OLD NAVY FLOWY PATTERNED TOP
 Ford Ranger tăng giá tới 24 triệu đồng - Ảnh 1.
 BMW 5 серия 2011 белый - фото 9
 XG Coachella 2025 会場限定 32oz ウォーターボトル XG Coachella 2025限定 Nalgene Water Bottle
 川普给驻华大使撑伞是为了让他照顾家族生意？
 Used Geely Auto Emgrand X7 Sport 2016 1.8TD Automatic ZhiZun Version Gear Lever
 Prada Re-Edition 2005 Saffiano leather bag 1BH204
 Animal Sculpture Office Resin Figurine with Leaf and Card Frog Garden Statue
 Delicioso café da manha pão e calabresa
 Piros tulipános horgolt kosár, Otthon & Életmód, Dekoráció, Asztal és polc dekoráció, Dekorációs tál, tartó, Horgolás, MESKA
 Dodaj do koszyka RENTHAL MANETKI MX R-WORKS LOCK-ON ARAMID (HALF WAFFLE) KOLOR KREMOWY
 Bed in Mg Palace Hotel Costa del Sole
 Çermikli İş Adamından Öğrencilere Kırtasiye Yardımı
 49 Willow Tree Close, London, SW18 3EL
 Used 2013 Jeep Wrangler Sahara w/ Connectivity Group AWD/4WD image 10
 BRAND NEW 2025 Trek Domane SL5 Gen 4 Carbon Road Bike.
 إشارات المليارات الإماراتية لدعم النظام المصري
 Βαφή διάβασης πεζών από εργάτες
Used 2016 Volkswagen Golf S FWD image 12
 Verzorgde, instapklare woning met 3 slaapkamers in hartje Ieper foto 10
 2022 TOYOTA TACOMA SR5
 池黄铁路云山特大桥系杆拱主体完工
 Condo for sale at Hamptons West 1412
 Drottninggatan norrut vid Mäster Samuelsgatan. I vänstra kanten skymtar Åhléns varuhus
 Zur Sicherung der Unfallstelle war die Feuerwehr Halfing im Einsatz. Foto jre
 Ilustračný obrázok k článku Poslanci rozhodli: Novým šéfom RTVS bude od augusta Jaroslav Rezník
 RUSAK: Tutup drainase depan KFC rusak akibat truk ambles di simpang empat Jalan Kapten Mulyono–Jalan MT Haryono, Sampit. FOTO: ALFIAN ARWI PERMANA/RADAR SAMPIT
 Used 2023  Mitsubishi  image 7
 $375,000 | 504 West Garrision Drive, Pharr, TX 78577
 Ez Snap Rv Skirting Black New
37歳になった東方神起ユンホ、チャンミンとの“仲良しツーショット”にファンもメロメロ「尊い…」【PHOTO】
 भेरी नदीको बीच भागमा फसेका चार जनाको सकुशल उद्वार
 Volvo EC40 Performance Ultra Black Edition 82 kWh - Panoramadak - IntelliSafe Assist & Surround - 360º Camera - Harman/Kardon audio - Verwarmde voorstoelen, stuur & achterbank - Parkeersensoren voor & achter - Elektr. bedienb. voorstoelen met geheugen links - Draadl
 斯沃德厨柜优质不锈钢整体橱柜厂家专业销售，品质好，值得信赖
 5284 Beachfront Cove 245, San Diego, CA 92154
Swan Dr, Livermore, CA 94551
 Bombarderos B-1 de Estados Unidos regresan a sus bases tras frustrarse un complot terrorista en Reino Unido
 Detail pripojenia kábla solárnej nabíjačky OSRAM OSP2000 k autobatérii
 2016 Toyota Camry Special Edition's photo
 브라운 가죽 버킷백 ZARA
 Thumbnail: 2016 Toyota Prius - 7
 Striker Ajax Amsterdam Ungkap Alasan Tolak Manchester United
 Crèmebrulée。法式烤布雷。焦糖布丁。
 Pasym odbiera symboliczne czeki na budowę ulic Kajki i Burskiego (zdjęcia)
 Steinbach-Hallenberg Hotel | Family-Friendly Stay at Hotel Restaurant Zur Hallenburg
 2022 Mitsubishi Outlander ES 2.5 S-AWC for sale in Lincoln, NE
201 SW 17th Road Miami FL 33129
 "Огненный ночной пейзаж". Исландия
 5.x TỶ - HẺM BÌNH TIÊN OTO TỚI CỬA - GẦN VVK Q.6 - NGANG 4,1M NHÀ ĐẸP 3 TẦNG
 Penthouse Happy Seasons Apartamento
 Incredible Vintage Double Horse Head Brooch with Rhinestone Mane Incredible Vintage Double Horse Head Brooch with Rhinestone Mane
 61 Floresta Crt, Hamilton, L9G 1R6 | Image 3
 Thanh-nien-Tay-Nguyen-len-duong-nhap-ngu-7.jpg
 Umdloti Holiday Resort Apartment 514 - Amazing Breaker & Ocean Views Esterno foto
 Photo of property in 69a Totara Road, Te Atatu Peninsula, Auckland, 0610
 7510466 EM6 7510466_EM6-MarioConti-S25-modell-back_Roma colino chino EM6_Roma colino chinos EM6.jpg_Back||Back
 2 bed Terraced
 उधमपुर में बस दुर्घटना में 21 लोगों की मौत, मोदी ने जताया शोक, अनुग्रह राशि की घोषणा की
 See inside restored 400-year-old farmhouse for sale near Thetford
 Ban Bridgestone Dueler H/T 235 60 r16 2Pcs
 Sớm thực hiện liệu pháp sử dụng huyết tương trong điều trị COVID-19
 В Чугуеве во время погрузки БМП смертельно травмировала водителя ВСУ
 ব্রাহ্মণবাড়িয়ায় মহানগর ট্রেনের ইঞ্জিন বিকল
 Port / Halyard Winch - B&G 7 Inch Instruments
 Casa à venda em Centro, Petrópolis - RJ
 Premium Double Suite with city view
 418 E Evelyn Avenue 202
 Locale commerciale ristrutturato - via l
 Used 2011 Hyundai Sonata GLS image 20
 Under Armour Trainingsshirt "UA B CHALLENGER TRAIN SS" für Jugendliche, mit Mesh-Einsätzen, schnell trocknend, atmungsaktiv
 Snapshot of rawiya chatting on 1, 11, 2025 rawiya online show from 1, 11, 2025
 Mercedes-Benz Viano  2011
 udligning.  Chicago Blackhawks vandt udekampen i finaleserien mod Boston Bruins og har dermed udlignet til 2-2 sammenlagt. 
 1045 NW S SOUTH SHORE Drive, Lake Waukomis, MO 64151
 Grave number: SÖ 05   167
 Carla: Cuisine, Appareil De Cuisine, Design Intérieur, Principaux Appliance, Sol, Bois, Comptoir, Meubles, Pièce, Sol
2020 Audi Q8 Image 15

Task brief: Restate word for word only the lines above from the line containing "Dodaj do koszyka" to the line containing "Ilustračný obrázok k", both of them included.

The completed task:
 Dodaj do koszyka RENTHAL MANETKI MX R-WORKS LOCK-ON ARAMID (HALF WAFFLE) KOLOR KREMOWY
 Bed in Mg Palace Hotel Costa del Sole
 Çermikli İş Adamından Öğrencilere Kırtasiye Yardımı
 49 Willow Tree Close, London, SW18 3EL
 Used 2013 Jeep Wrangler Sahara w/ Connectivity Group AWD/4WD image 10
 BRAND NEW 2025 Trek Domane SL5 Gen 4 Carbon Road Bike.
 إشارات المليارات الإماراتية لدعم النظام المصري
 Βαφή διάβασης πεζών από εργάτες
Used 2016 Volkswagen Golf S FWD image 12
 Verzorgde, instapklare woning met 3 slaapkamers in hartje Ieper foto 10
 2022 TOYOTA TACOMA SR5
 池黄铁路云山特大桥系杆拱主体完工
 Condo for sale at Hamptons West 1412
 Drottninggatan norrut vid Mäster Samuelsgatan. I vänstra kanten skymtar Åhléns varuhus
 Zur Sicherung der Unfallstelle war die Feuerwehr Halfing im Einsatz. Foto jre
 Ilustračný obrázok k článku Poslanci rozhodli: Novým šéfom RTVS bude od augusta Jaroslav Rezník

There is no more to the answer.